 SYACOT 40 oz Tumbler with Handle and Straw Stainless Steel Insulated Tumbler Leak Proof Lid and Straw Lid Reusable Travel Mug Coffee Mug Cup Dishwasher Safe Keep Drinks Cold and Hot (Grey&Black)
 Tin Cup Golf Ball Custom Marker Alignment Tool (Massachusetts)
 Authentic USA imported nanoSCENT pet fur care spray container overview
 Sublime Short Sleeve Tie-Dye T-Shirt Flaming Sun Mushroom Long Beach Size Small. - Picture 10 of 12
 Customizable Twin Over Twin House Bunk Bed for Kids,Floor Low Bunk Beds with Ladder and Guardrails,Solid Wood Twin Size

--------------------------------------------------

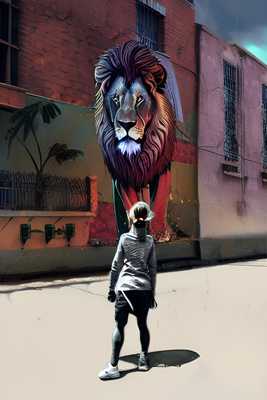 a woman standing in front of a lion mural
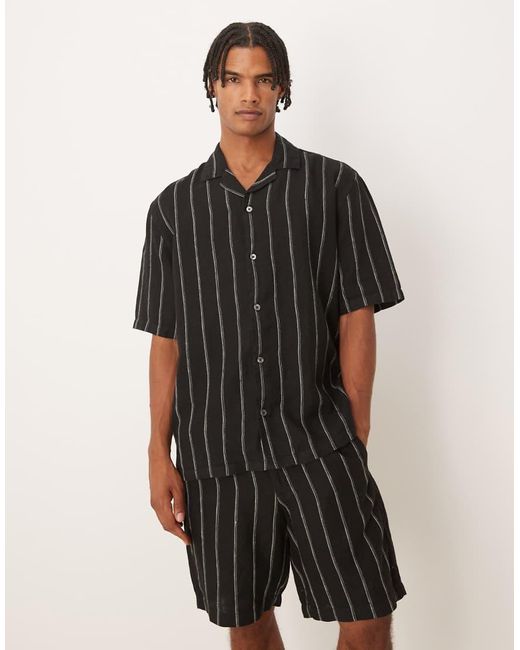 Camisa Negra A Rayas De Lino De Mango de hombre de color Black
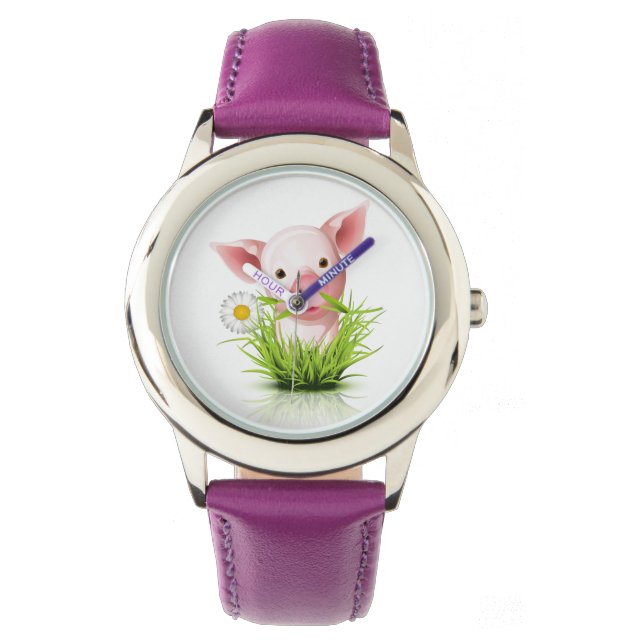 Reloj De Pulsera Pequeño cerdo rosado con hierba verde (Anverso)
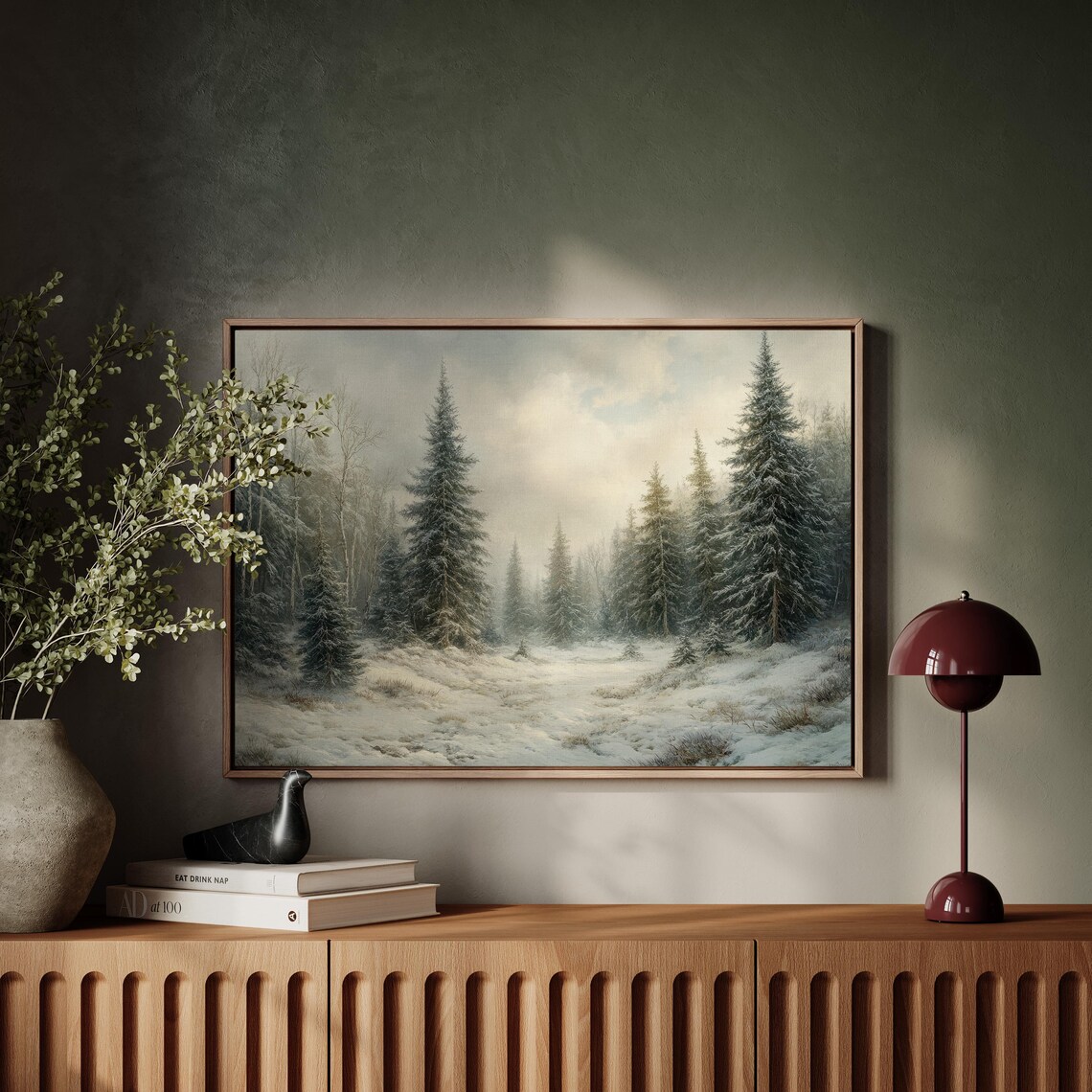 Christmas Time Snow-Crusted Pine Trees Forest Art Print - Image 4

--------------------------------------------------

» **YOUR INSTRUCTIONS**: Take only the lines above from the one that has "Reloj De Pulsera" through the one that has "Christmas Time Snow-Crusted" and reproduce them exactly, omitting any pictures.

» **RESPONSE**:
 Reloj De Pulsera Pequeño cerdo rosado con hierba verde (Anverso)
 Christmas Time Snow-Crusted Pine Trees Forest Art Print - Image 4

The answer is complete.